London’s police set to use fuel cell vehicles

London’s police set to use fuel cell vehicles

March 19, 2018 1 By Stephen Vagus

Metropolitan Police Service has acquired 11 new fuel cell vehicles

London’s Metropolitan Police Service (Met) has embraced fuel cell vehicles. The service has acquired 11 Toyota Mirai vehicles, which come in both marked and unmarked form. According to Toyota, the first of these vehicles has already been delivered. The new fuel cell vehicles represent the Met’s efforts to become more environmentally friendly and reduce emissions associated with the conventional cars that are used on a daily basis.

New cars will help the police service cut down on emissions

The new vehicles will have access to five hydrogen fuel stations that are located throughout London. The number of stations available to the police service, as well as to the general public, is set to rise in the coming months. The Mirai has been praised for its efficiency, being able to travel some 300 miles before needing to be refueled. This will mean that London’s still nascent hydrogen infrastructure will be under little stress. Like their battery powered counterparts, the fuel cell vehicles operate using electricity and produce no harmful emissions.

London has a major air pollution problem

Air pollution has become a significant problem in the United Kingdom. London alone reached its legal air pollution limit for the entirety of 2018 at the end of January. Throughout Britain as a whole, air pollution has been linked to some 40,000 premature deaths every year. Two-thirds of Britain’s 5.4 million asthma victims say that their condition is worsened by air pollution. In order to resolve these problems, the UK government has been aggressively promoting clean transportation and the use of renewable energy rather than fossil-fuels.

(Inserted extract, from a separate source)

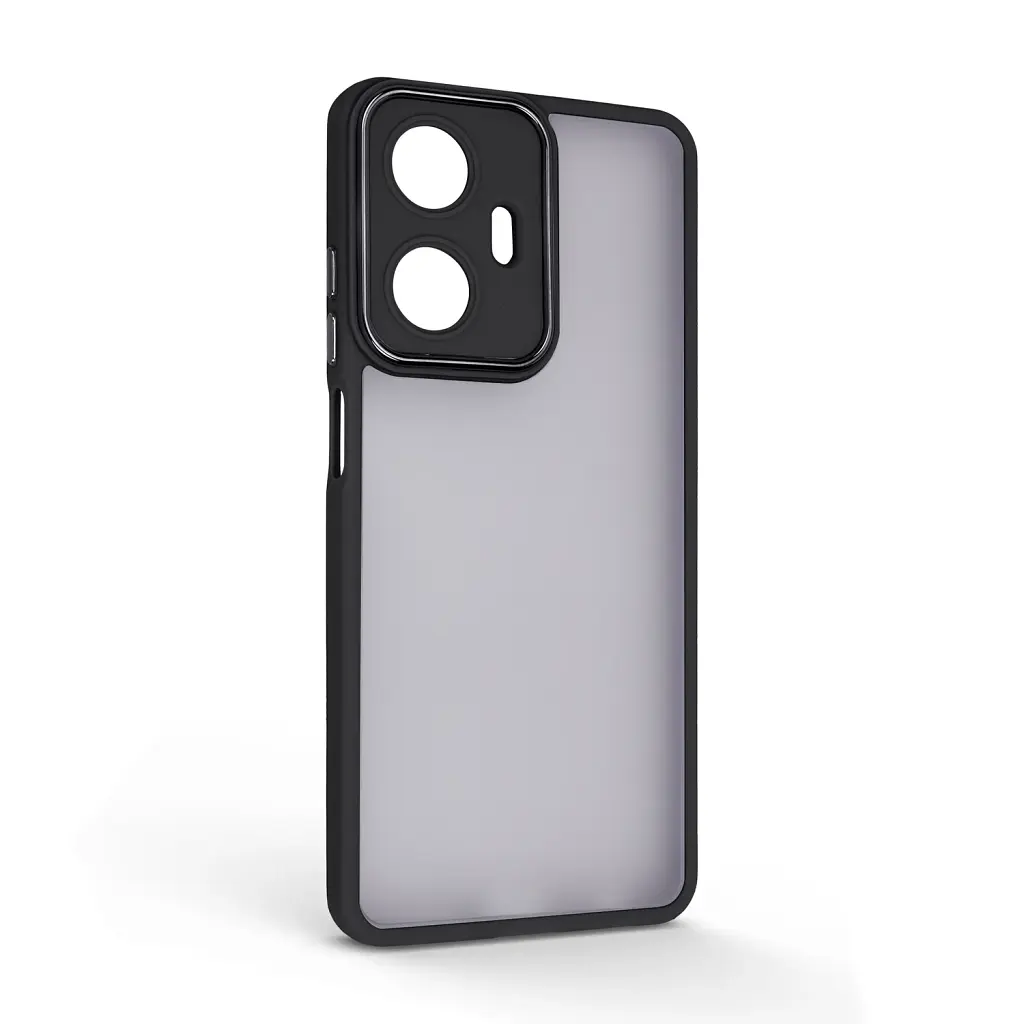 Чохол ArmorStandart Shade для OPPO A98 5G Black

Fuel cell vehicles are becoming a more attractive option in the UK

As clean transportation becomes more of a priority, fuel cell vehicles are receiving more attention. These vehicles are more efficient than their battery-powered counterparts and can perform on par with gas-powered cars. While they are somewhat expensive, the UK government is offering subsidies that offset the cost of purchase, which may help fuel cell vehicles gain traction among consumers.